I have attempted to reduce the job_eval_threshhold
to 30s thinking maybe that would work, no dice! i am short of ideas … any help is appreciated.
My nomad cluster is installed with consul for service discovery.
1 Like
Additional Information; this is a system job. When i attempt to Edit the job in the UI (for example, by simply just changing the docker image version); it deploys and after a few minutes reverts to the old version. I am currently running nomad 1.8.4 (clients and servers); consul 1.19.2.
Did the servers reboot unexpectedly or something?
Can you submit an altogether different job (very low cpu/ram) with the same name?
Then run system gc
then system reconcile summaries
then …
stop --purge
this new job …
then
system gc
then system reconcile summaries
.
Can you afford to update the Nomad server binaries and cleanly reboot the servers?
I deployed a new system job with the same name but it failed and reverted to the old version.
I will try the binary update.
I want to circle back to this to say that I too faced this recently.
I tried all the command tricks I myself suggested, none worked.
As it was a critical job, I renamed the job by appending a _1
to the job name and resubmitted. The job came up then.

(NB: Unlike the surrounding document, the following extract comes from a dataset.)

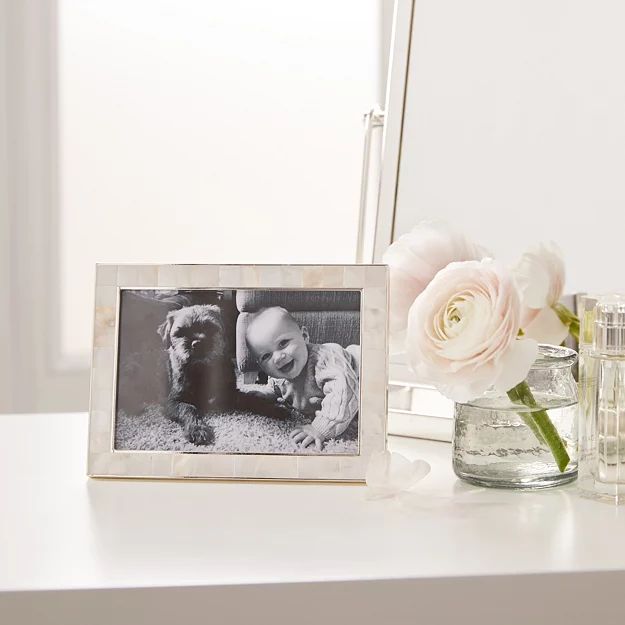 Mother of Pearl Photo Frame – 4x6” | The White Company (UK)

Something for the HashiCorp team to keep an eye on.
Once I have deleted the job with a purge, I can’t think of what to monitor to report in the debug logs! 
No, there is no auto-submission or anything going on.
Where/How does Consul play a part in Nomad job submission. I not sure how Consul has anything to do with this at all.
BTW, I has noticed this behavior before, but I had ignored it previously as I would be debugging something else more serious.
Most of the times a delete-and-resubmit of the Nomad job works, but this time it didn’t.
Sometimes updating the Nomad binary on the compute agent also solves this problem.
I couldn’t try the “wait for some time” approach, as this particular job was a critical one.
Hence I used the “rename” trick.
1 Like